Brief.
Beginning with the line that contains "Shot animals hanging" and ending with the line that contains "ヒメ日記 2025/04/15 22:06", reproduce the lines of the entries below exactly, omitting pictures.

Dataset records.
================
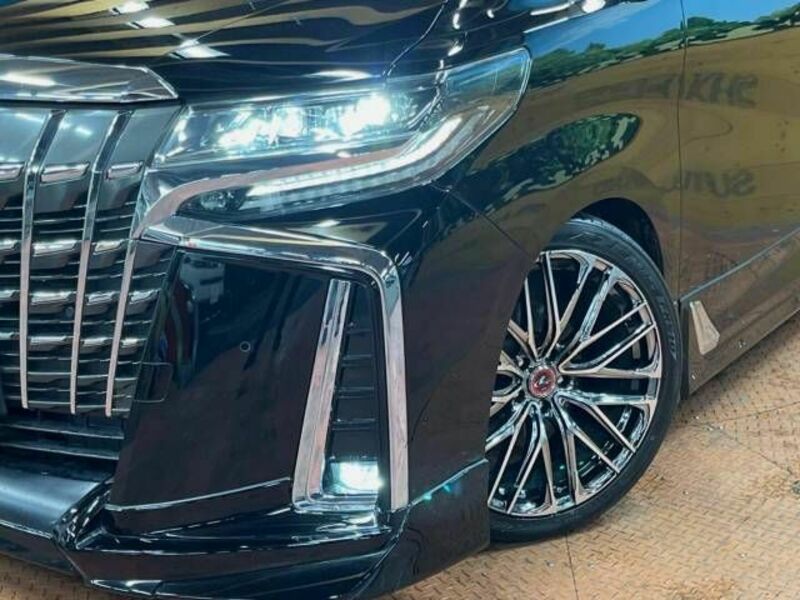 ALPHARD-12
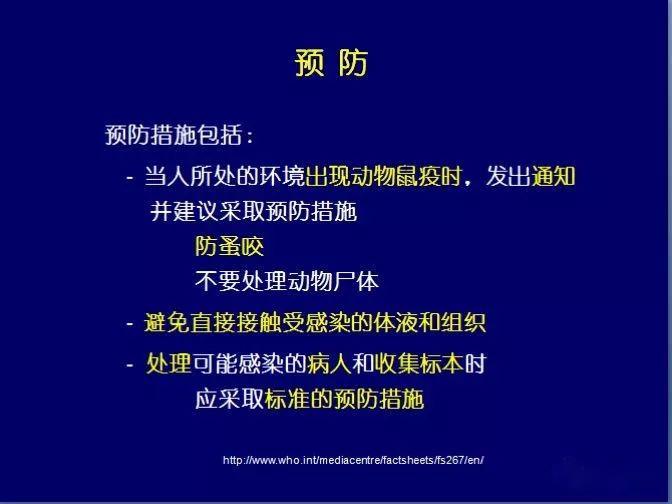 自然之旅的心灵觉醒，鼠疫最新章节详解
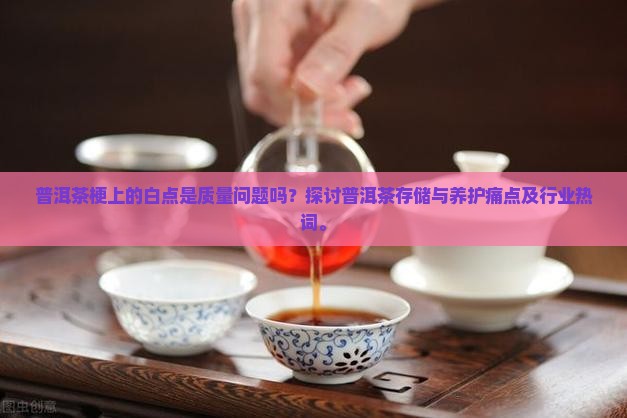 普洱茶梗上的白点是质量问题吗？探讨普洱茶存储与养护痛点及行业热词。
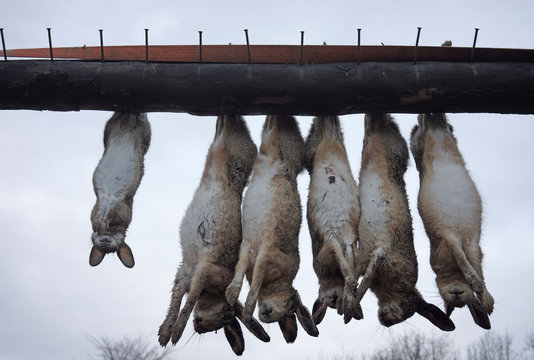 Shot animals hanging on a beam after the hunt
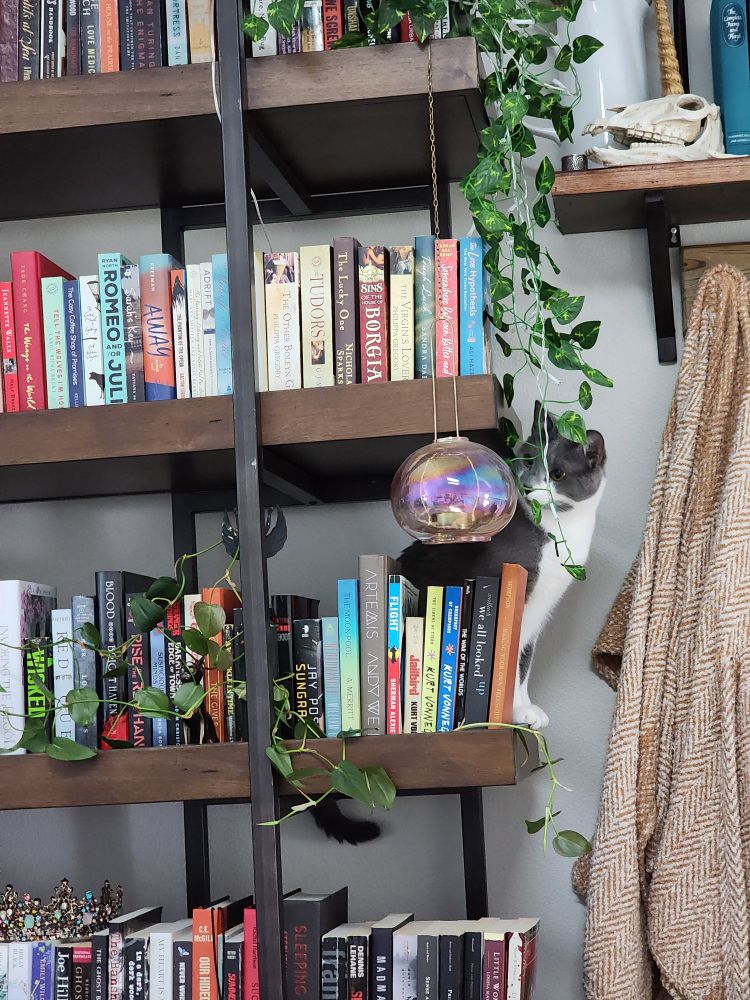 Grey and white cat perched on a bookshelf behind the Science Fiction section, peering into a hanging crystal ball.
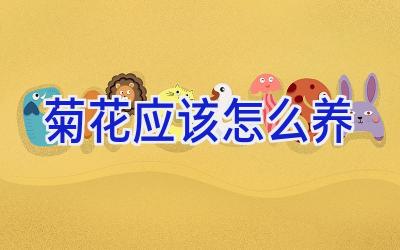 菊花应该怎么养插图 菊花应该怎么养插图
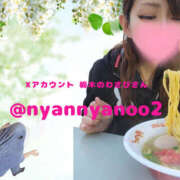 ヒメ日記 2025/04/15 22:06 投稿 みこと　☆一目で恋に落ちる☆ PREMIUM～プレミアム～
================
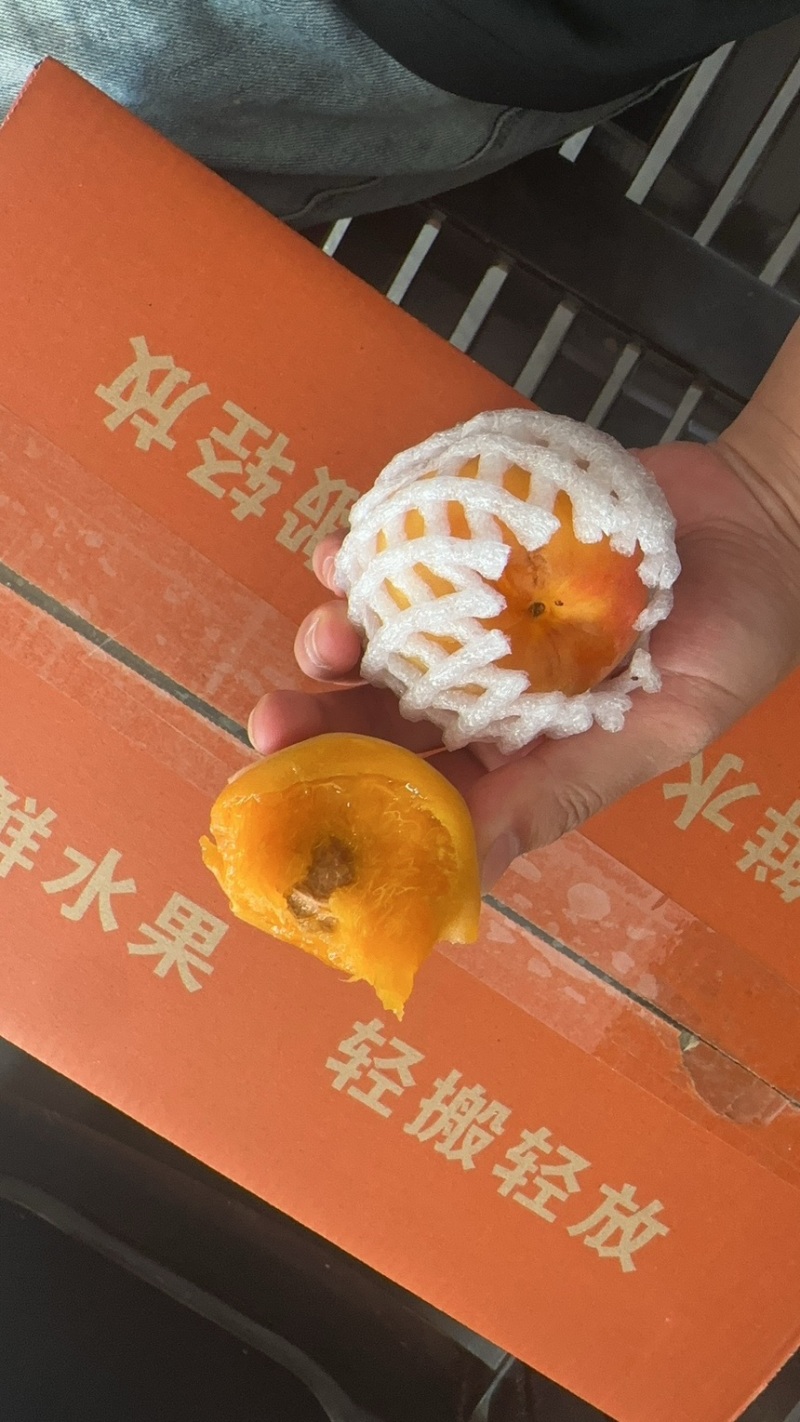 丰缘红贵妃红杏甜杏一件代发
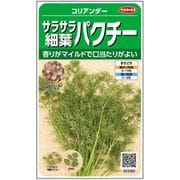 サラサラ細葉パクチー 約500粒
================
Answer box.
 Shot animals hanging on a beam after the hunt
 Grey and white cat perched on a bookshelf behind the Science Fiction section, peering into a hanging crystal ball.
 菊花应该怎么养插图 菊花应该怎么养插图
 ヒメ日記 2025/04/15 22:06 投稿 みこと　☆一目で恋に落ちる☆ PREMIUM～プレミアム～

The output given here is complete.